OPINION

Consumer safety

Half of Greek consumers prefer fresh milk, and they pay 40 percent more for it than Europeans do for pasteurized milk. Worse, according to a study that was published in the Sunday Kathimerini, «fresh milk» is often no more than a misleading commercial slogan. No one can be absolutely sure that locally produced «fresh» milk is, in fact, better than pasteurized milk produced abroad. Nor can one say with certainty that milk sold as having been produced in Greece has not been mixed with foreign imports. Greek consumers, in other words, are held hostage to an astonishing degree of uncertainty regarding a basic consumer item. And this constitutes just one aspect of people’s wider uncertainty about everything they eat and drink. The average Greek, a city dweller, knows nothing about life on the farm and has lost touch with nature. When it comes to food products, Greek consumers appear to be virtually uninformed. Moreover, they find themselves overwhelmed on a daily basis with scaremongering or alarming sound bites from local and foreign media, whether concerning microbes, genetically modified products, animal diseases, pesticides or pharmaceuticals. And on top of all this is frequently misleading labeling. Urban consumer behavior in our country has reached a point where it is necessary to increase the need for systematic controls that can ensure a minimum of health and safety standards and the proper labeling of content and origin. It is a welcome sign that Greece is finally taking steps in the area of food control after years of neglect, during which unscrupulous producers were left largely unchecked and paltry penalties were imposed on violators. This won’t be an easy task for the state apparatus; but it is a vital one if we are to make progress in increasing public safety and in the fight against illicit profiteering.
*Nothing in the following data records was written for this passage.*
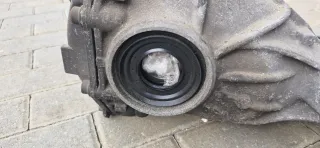 33107630832,7630832,33107630833,7630833 Редуктор заднего моста BMW 6 F06/F12/F13 Арт 011776, вид 2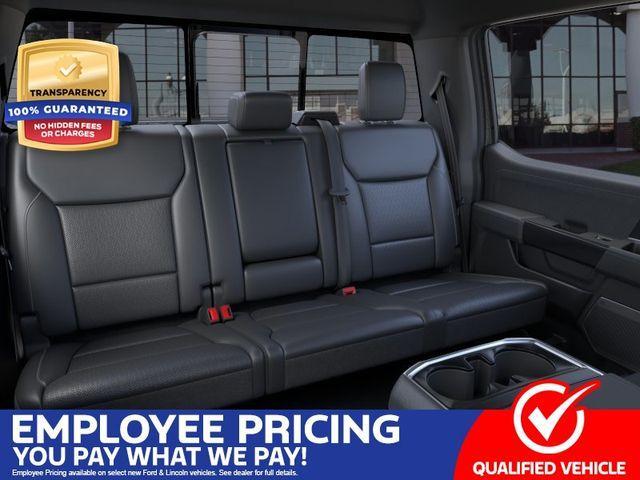 new 2026 Ford F-150 car, priced at $64,048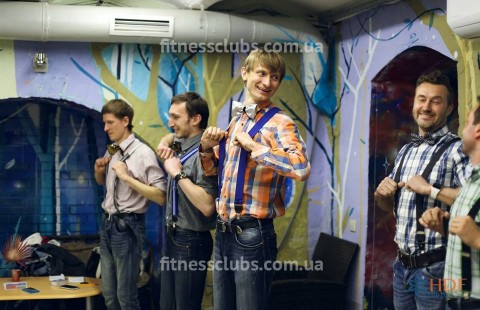 Студия танца «HDF Studio»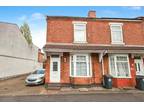 2 bedroom end of terrace house for sale in Chiswell Road, Birmingham, B18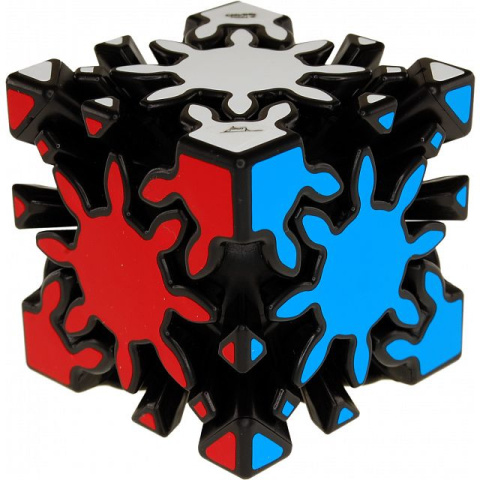 Calvin's Puzzle Timur Gear Skewb Calvin's Puzzle Timur Gear Skewb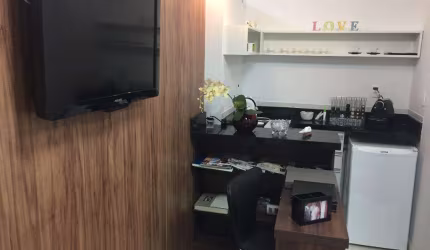 Sala comercial à venda no Jardim Santa Genebra, Campinas , 90 m2 por R$ 690.000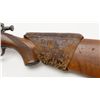Image 4 : Sporterized U.S. Rock Island Arsenal Model 1903  bolt action rifle, .30-06 cal., 24” R.I.A. barrel,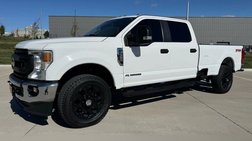 2022 Ford Super Duty F-350 XL
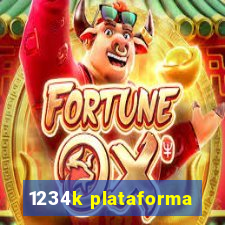 1234k plataforma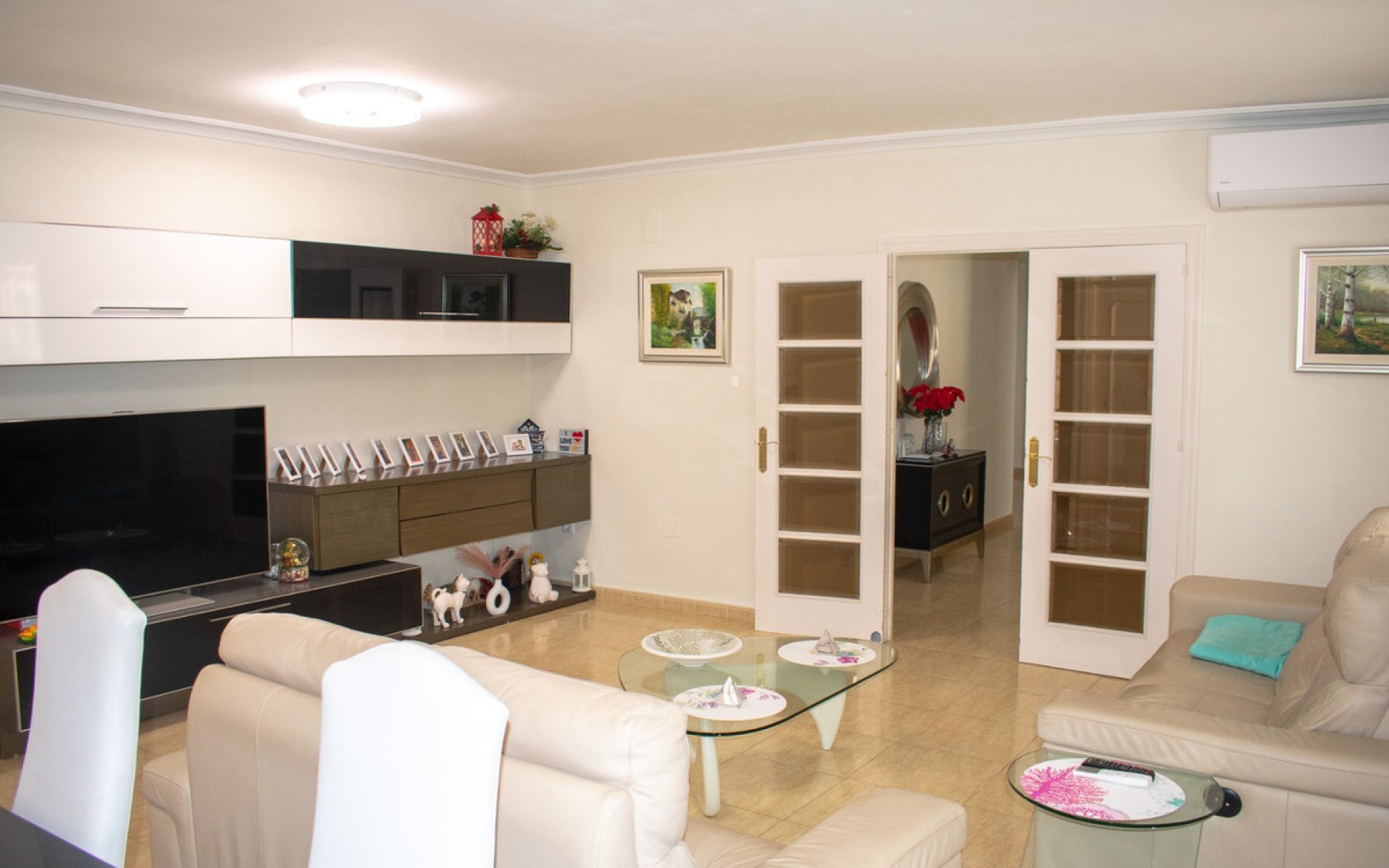 Resale - Villa - San Javier - La Manga Del Mar Menor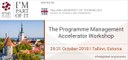Programme Management Accelerator Workshop 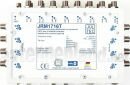 JULTEC JRM1716T - Multischalter 4 Satelliten an 16...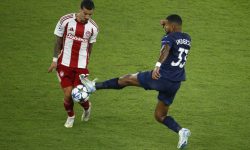 Champions League: Η Πάφος «πέρασε χειροπέδες» στον Ολυμπιακό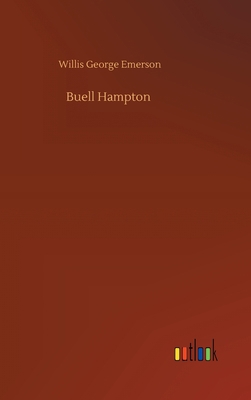Buell Hampton 3752403152 Book Cover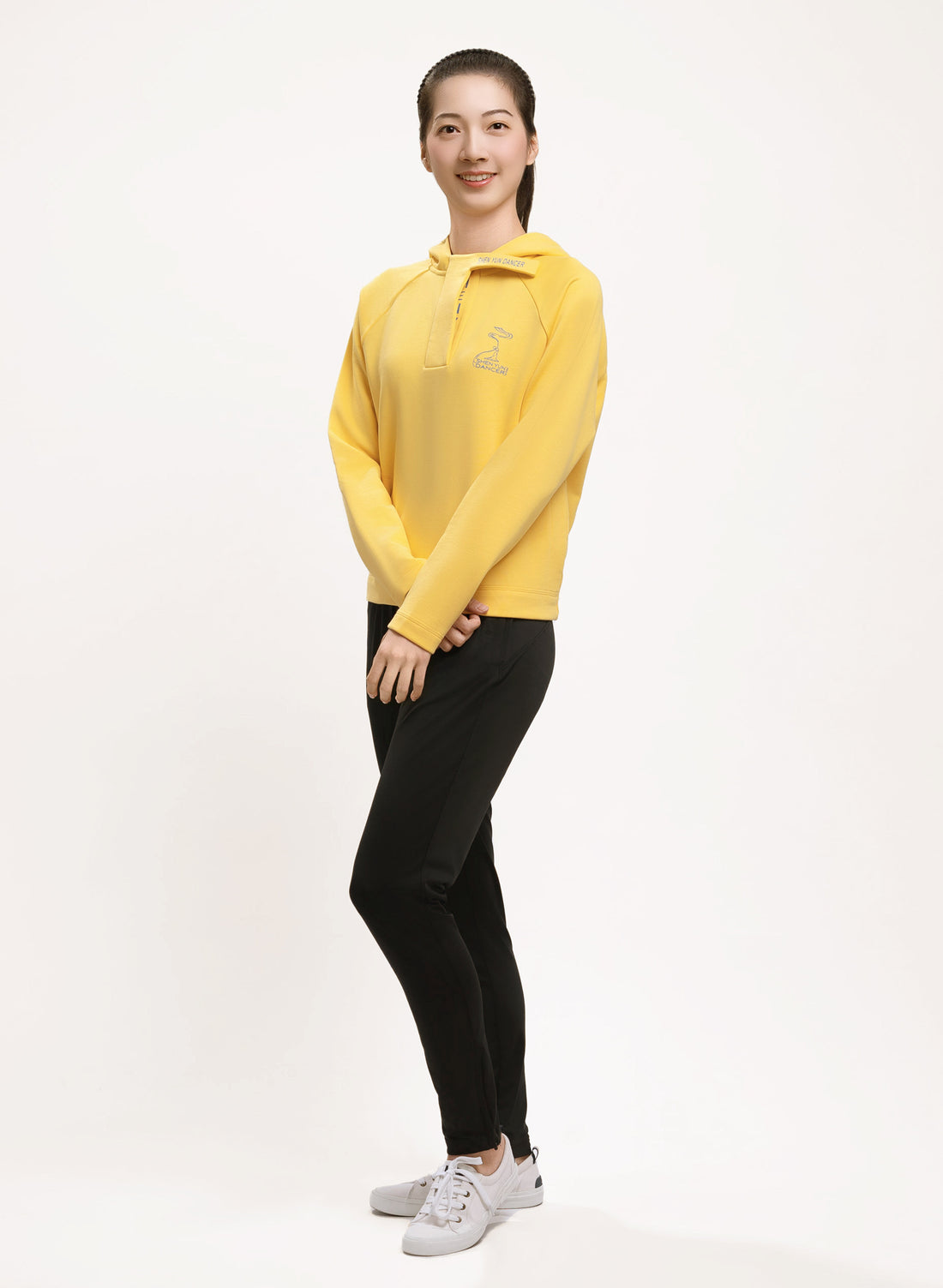 Women's Timeless Virtues Hoodie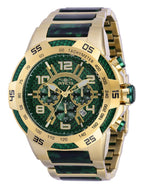 INVICTA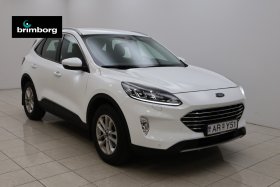 Ford Kuga Titanium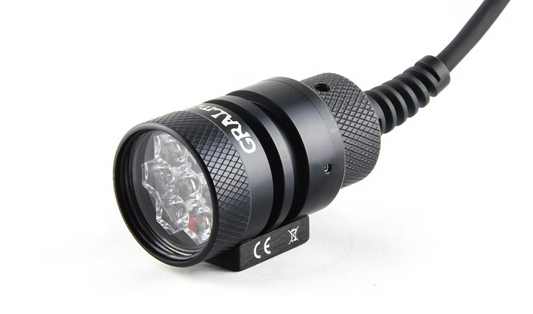 Lampada GL7 LED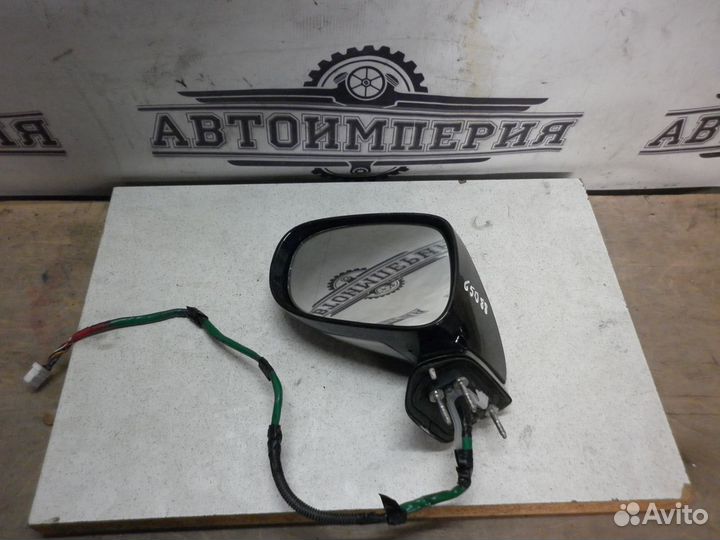 Зеркало наружное Lexus LS 4 2008 4.6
The public itself must take steps to improve the level of consumer organizations so that their complaints can make a difference. Producers must also join hands. In a society where food is turning into an industrial product, the food industry has to accept its share of legal and social responsibility, whether in dealing with food or manufacturing. State controls must aim at consolidating this sense of responsibility so that lawbreakers suffer hefty penalties while responsible producers are rewarded with consumer preference.